Она добавила, что хочет вырастить из меня независимого, самостоятельного человека, который способен сам о себе позаботиться. Так что няню сменила миссис Палисси, кухарка и домработница, получившая распоряжение заодно приглядывать за мной, когда я дома. Она не готовила бутерброды в школу, не стирала мою одежду и уж точно надо мной не «хлопотала». Теперь мне приходилось все делать самому.

От меня больше не требовали сразу после школы идти домой, желания поскорее оказаться дома тоже не возникало; вечера я стал проводить у друзей. Их матери тоже работали допоздна, но за ними хотя бы не шпионили ворчливые домработницы.

Первую банку пива я выпил у Джона в тринадцать лет. По вечерам мать показывала покупателям дома, возвращалась поздно, и свободы у меня было куда больше, чем обычно бывает у подростков. До сих пор не знаю, в самом деле она верила, что я буду вести себя как ответственный взрослый человек, или просто прятала голову в песок.

В четырнадцать мы с Джоном познакомились с марихуаной. Джон пошел и дальше: на празднование Валентинова дня принес в школу пирожки с гашишем, угостил одноклассников и за эту проделку вылетел из школы. Мне, по крайней мере, хватило ума ему не помогать.

Теперь мы учились в разных школах, но оставались друзьями. Джон определенно шел по кривой дорожке: не пересказать, сколько раз он втягивал меня в неприятности. Однако именно нашей дружбе я обязан самым важным в жизни уроком.

Глава тридцать четвертая

Когда я проснулся, мы по-прежнему ехали, но теперь с обеих сторон нас окружал густой темный лес.

– Где это мы? – спросил я, протирая глаза и озираясь вокруг.

– Почти на месте, – ответил Джон. Он поднес к губам пинту виски, открыл бутылку и сделал большой глоток.

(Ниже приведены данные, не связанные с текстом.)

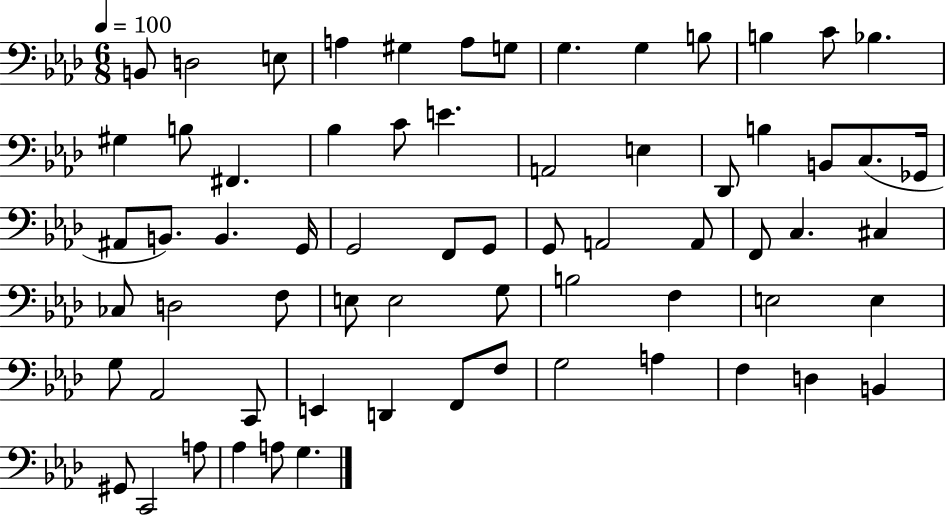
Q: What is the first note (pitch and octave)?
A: B2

– Дай-ка и мне! – сказал я, потянувшись к нему.

Джон обернулся и передал мне виски. Он был уже совсем «хорош».

– Йо-хо-хо! Сегодня ужремся в хлам! Ну-ка… – Тут он выкрутил до отказа ручку приемника, и салон заполнили пронзительные вопли AC/DC. – Так, а как тут открывается крыша? – спросил он, потянувшись к приборной доске.

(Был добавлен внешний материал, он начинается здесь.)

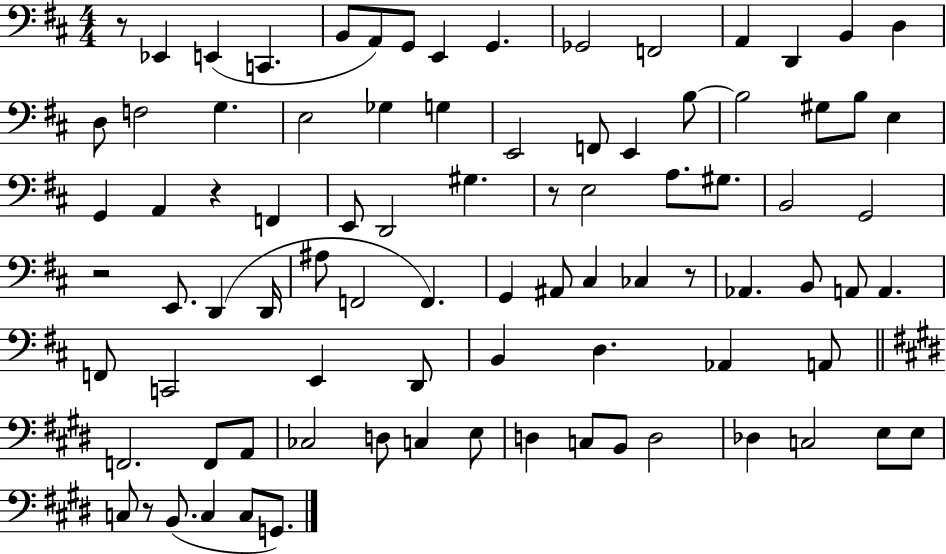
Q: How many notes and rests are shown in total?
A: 87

Лиза протянула руку, нажала какую-то кнопку, и затемненное стекло над нашими головами с тихим шорохом отъехало в сторону. Свежий ветер ударил в лицо; запрокинув голову, я увидел над собой звезды.

Джон влез ногами на сиденье и, привстав, высунул голову наружу.

– Эгеге! – прокричал он. – Вперед, только вперед!

Лиза снова расхохоталась и сделала музыку еще громче. Теперь казалось, что басы и ударные грохочут прямо у меня в голове.

Джон поставил ногу на приборную панель и приподнялся, высунувшись в люк по пояс.

Как бы я ни был пьян, тут мне стало не по себе. Что он вытворяет? Хочет вылезти на крышу?.. Впрочем, соображать было нелегко, а пошевелиться – еще труднее.